Bild 17: Turnhalle für die Angestellten der Guentherschen Fabriken in Dover/N.J., historische Aufnahme
Andererseits bestehen auch heute noch z. B. zwischen Amerika und Deutschland gravierende Unterschiede. Das soziale Netz in Deutschland ist wesentlich enger geknüpft als dort.
Bild 18: Wohnhäuser für die Angestellten, German-District in Dover/N.J., Aufnahme 1996
Kranken- und Arbeitslosenversicherung unter Beteiligung des Arbeitnehmers sind seit Bismarcks Zeiten in Deutschland eine Selbstverständlichkeit. Das gilt für Amerika heute noch nicht – s. Obamas Bemühungen um eine allgemeine Krankenversicherung in den USA – und für die Jahre nach 1900 war es dort völlig undenkbar. Bezeichnend ist auch die Tatsache, dass die Gewerkschaften dort eine andere Entwicklung nahmen und dass es in den USA nie zu einer wirklich handlungsfähigen sozialdemokratischen Partei gekommen ist. Nach wie vor dominiert eine Haltung, jeder könne durch harte Arbeit reich werden und jeder sei seines Glückes Schmied. Die Denkart Paul Guenthers, der ja nun geradezu als Muster des Self-made-Man gelten konnte, ist mit großer Wahrscheinlichkeit ähnlich gewesen. Mit den „Unions“, wie die amerikanischen Gewerkschaften heißen, hatte Paul Guenther nur wenig im Sinn.
Bild 19: Ehemaliger Bürgermeister von Dover, Mr. Willard Hedden mit Gattin, 1991
Bei den Besuchen in Dover 1991 (Herr Sommer) und 1996 (Sommer/Senf) lebten verständlicherweise nur noch ganz wenige Menschen, die Paul Guenther persönlich gekannt hatten. Vom Häusermakler Sidney Schwarz war schon weiter oben die Rede. Der ehemalige Bürgermeister von Dover, Mr. Hedden, 92 Jahre alt, gehörte zu jenen Wenigen. Er überraschte mit der Übergabe des Originalrasierbechers Paul Guenthers (s. S. 176). Auch Mr. Anthony Nazzaro war trotz seines hohen Alters noch recht mobil. Er war als 23-Jähriger bei Guenther beschäftigt gewesen. Über die Begegnung 1991 schreibt Herr Sommer: „Dieser alte Herr hatte mit seinen mehr als 90 Jahren noch so viel Pfeffer, dass ich mir gut vorstellen kann, wie er dem alten Paul Guenther auf die Nerven gegangen ist. Für Guenther waren seine Arbeiter Kinder, für die er vorbildlich sorgte, von denen er aber auch unbedingten Gehorsam verlangte. Nazzaro war einer dieser Menschen, die von ‚Partnerschaft‘ träumten, von Verträgen zwischen freien und gleichberechtigten Menschen. Die Arbeiter der Guentherfabrik in einer ‚Union‘ zu organisieren, war für Nazzaro der erste Schritt zu einer Partnerschaft zwischen Kapital und Arbeit. Für Guenther hingegen war es eine persönliche Beleidigung, als sich seine Arbeiter den jungen Nazzaro zum Vertrauensmann kürten. Er soll in seinem Büro geweint haben.“ (19)

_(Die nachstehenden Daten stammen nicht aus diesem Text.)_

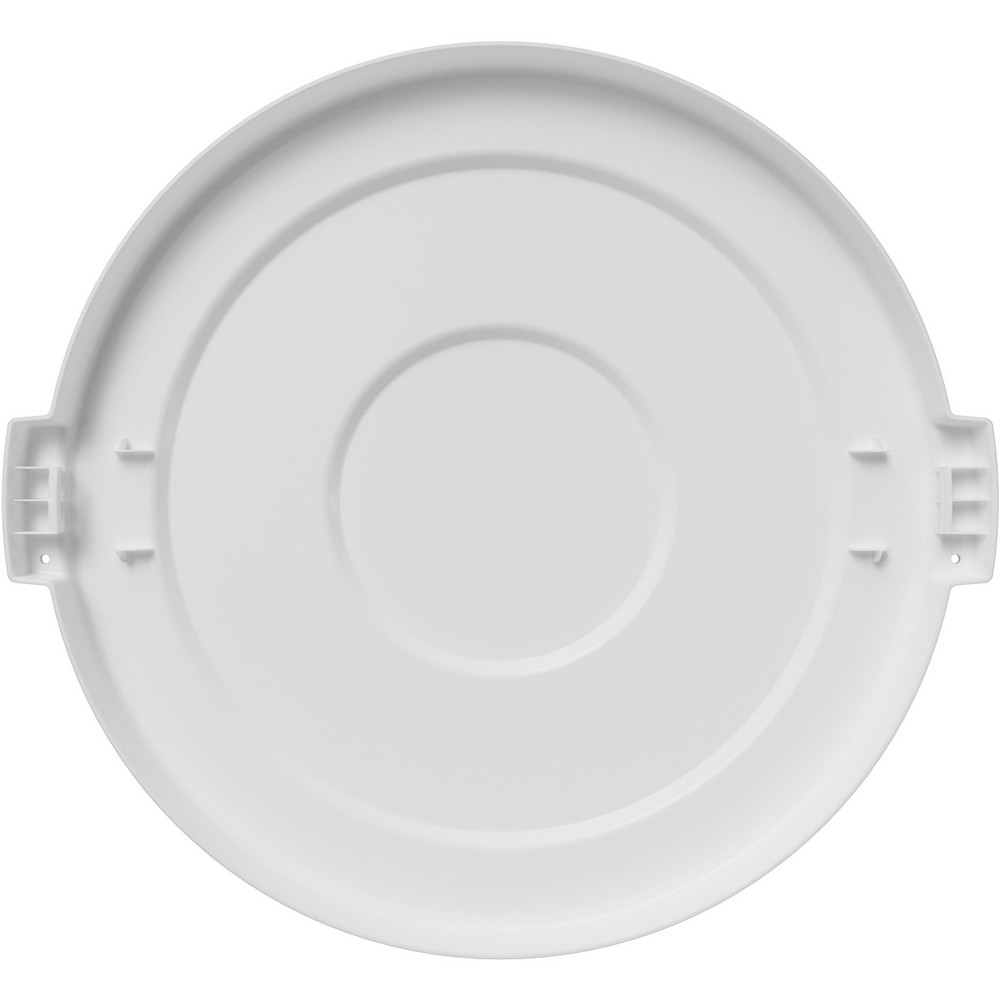 Carlisle Bronco™ 55 gal Round Trash Container Lid, White - 84105602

Bild 20: Brief von Anthony Nazzaro vom 28. April 1995
Es ist sehr interessant, wie Herr Nazzaro viele Jahrzehnte nach diesen Ereignissen über seinen damaligen Chef urteilt. Nazzaro hatte sich in den 1930er Jahren selbstständig gemacht und besaß selbst eine Textilfabrik. Achtung und hohe Anerkennung gegenüber seinem einstigen Interessengegner sprechen aus jeder Zeile seines Briefes (22) vom 28. April 1995.